BRADENTON, Fla. - The Kentucky House has passed a bill that would authorize the state to use public-private partnerships.
House Bill 443, sponsored by Rep. Leslie Combs, D-Pikeville, passed 84-13 after being amended on Feb. 25.
The enabling legislation would allow state government to partner with private companies to complete public infrastructure, transportation, and other needs.
A similar bill passed during the 2014 session. However, it was vetoed by Gov. Steve Beshear because it prohibited the use of tolls on the Brent Spence bridge project between Cincinnati and northern Kentucky.
Beshear and Ohio Gov. John Kasich recently ordered consultants to find design changes to lower the $2.6 billion construction cost of the new bridge and renovation project, for which they plan to use a P3. With financing, interest, operations, and maintenance the total project cost is currently estimated at $3.57 billion.
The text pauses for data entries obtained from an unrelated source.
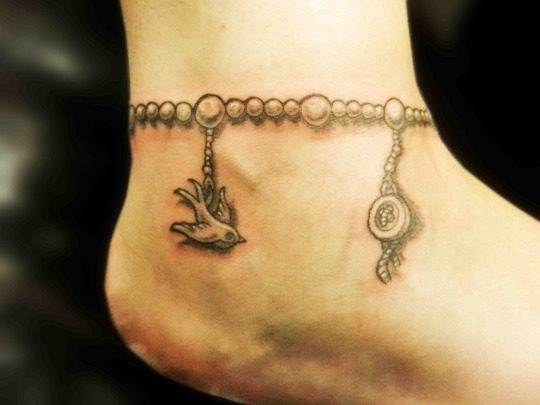Bird on ankle bracelet tattoo designs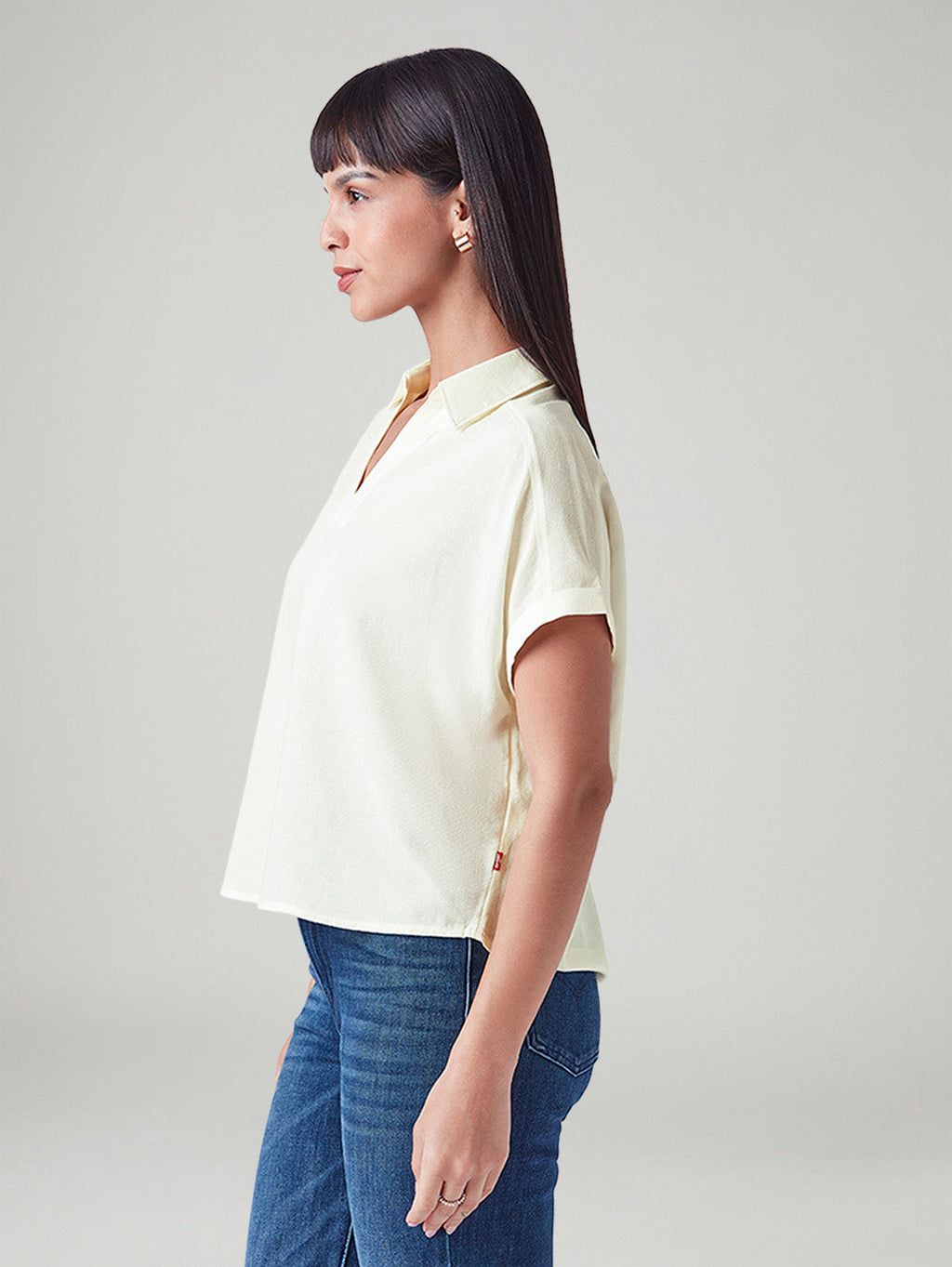 Women's Solid Relaxed Fit Linen Top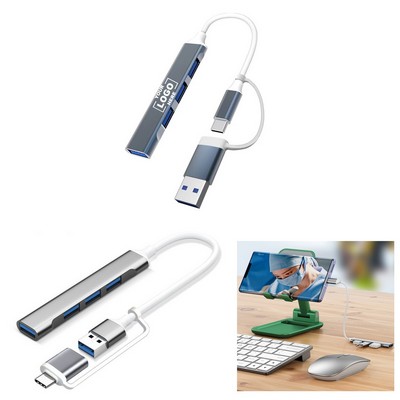 Recycled Aluminum 4-Port USB-A and C Hub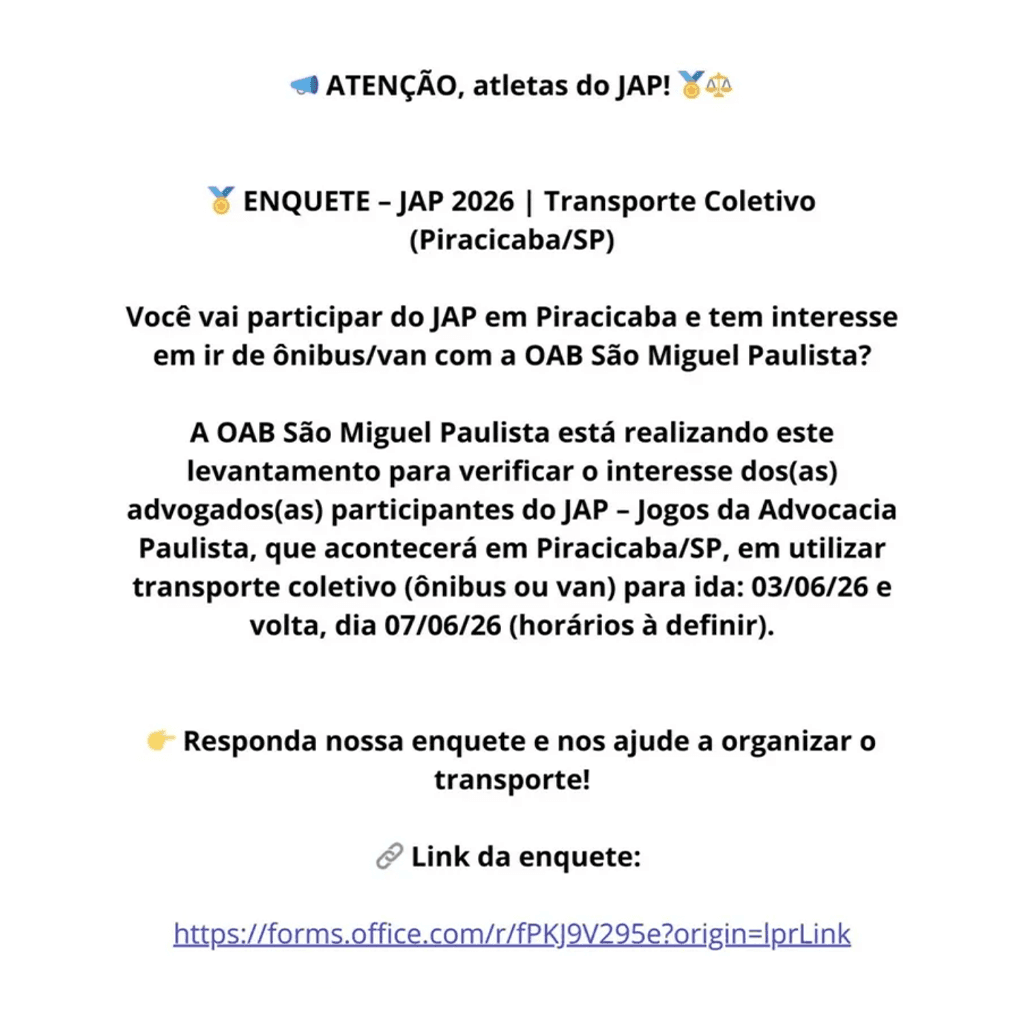 ENQUETE - JAP 2026 | Transporte Coletivo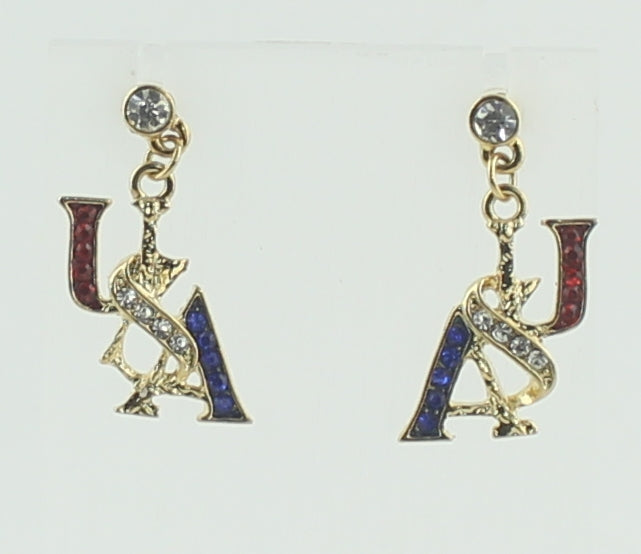 Crystal Dotted U.S.A. Earrings E1839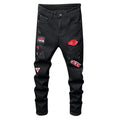 Sokotoo Men's red flower letters embroidery black jeans Fahion badge stretch denim pants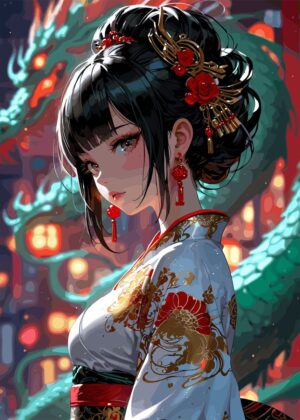 Elegant Anime Girl in Traditional Kimono - Premium Wooden Framed Poster. Ready to Hang.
Combs said that HB 443 does not mandate use of tolls on any project. However, she acknowledged that the issue of tolls has concerned some lawmakers, particularly those in northern Kentucky where many residents oppose tolls on the Brent Spence project.
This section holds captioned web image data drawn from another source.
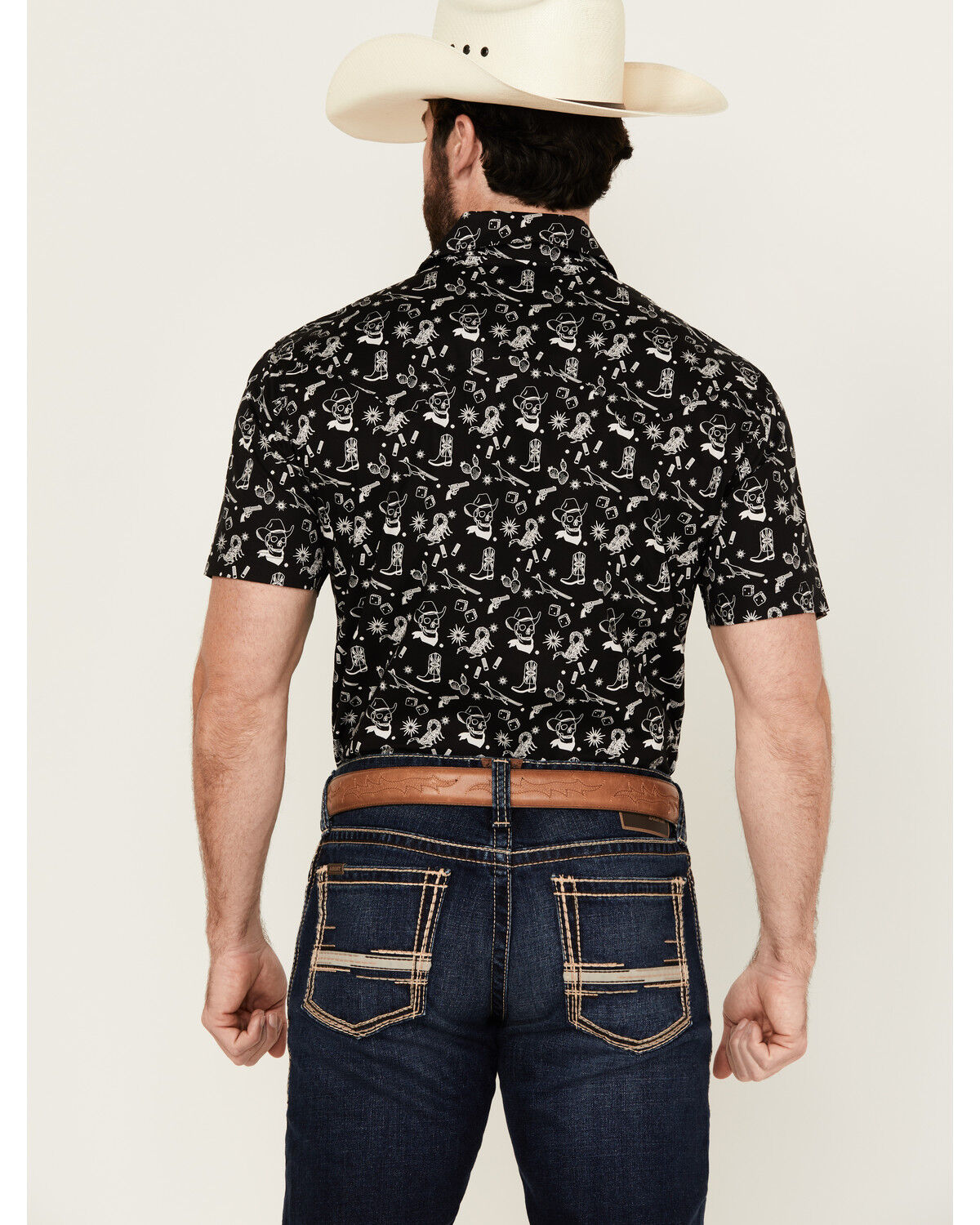 Image #4 - Rock & Roll Denim Men's Tattoo Print Short Sleeve Pearl Snap Stretch Western Shirt, Black, hi-res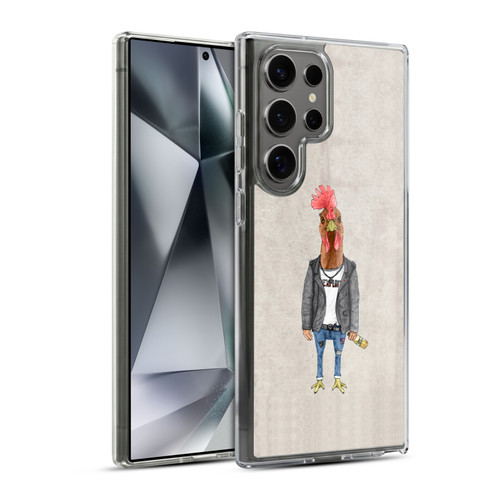 Barruf Animals Punk Rooster Soft Gel Case for Samsung Galaxy S24 Ultra 5G & MagSafe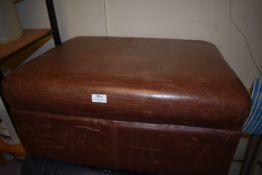 *Brown Leather Pouffe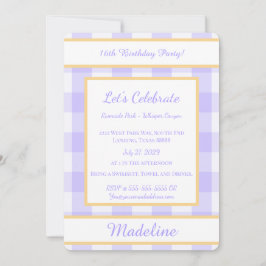 Convite Personalizado de Aniversário Xadrez Roxo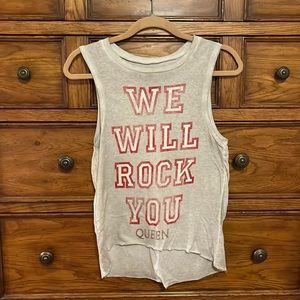 Queen Gray “We Will Rock You” Racerback Tank Top. Size S. Like new!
The bill says that a "state authority shall not enter into a public-private partnership related to a project connecting the Commonwealth with the state of Ohio unless the General Assembly expressly authorizes it by passing a joint resolution."
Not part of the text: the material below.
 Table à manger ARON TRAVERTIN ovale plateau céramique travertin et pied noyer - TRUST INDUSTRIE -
"This bill is about creating public private partnerships in Kentucky," Combs said. "It is not about a particular project. It's not about doing a project in Northern Kentucky. It's not about doing tolls."
Lawmakers accepted several amendments to HB 443 proposed by State Rep. Arnold Simpson, D-Covington, who opposes tolling the Brent Spence.
Simpson filed the amendment in last year's P3 bill that prohibited tolls on the Brent Spence. He told lawmakers during consideration of this year's bill that he still hates tolls.
One of his amendments to HB 443 would require that tolls imposed as part of a transportation project using a P3, and which costs more than $100 million, be discontinued when the initial construction debt is paid.
Such a measure could make it difficult to manage large projects with private partners that are structured with availability payments for operations and maintenance duties long after construction is over.
Kentucky Transportation Cabinet spokesman Chuck Wolfe said the agency is analyzing the amended bill to determine its effect.
"Large projects typically entail costs that continue well past construction," he told The Bond Buyer. "Those costs would have to be paid from some other public source, and at the expense of some other public need."
HB 443 now goes to the Senate for consideration. It includes a clause declaring an emergency that would allow the bill to take effect immediately if it is signed into law by the governor.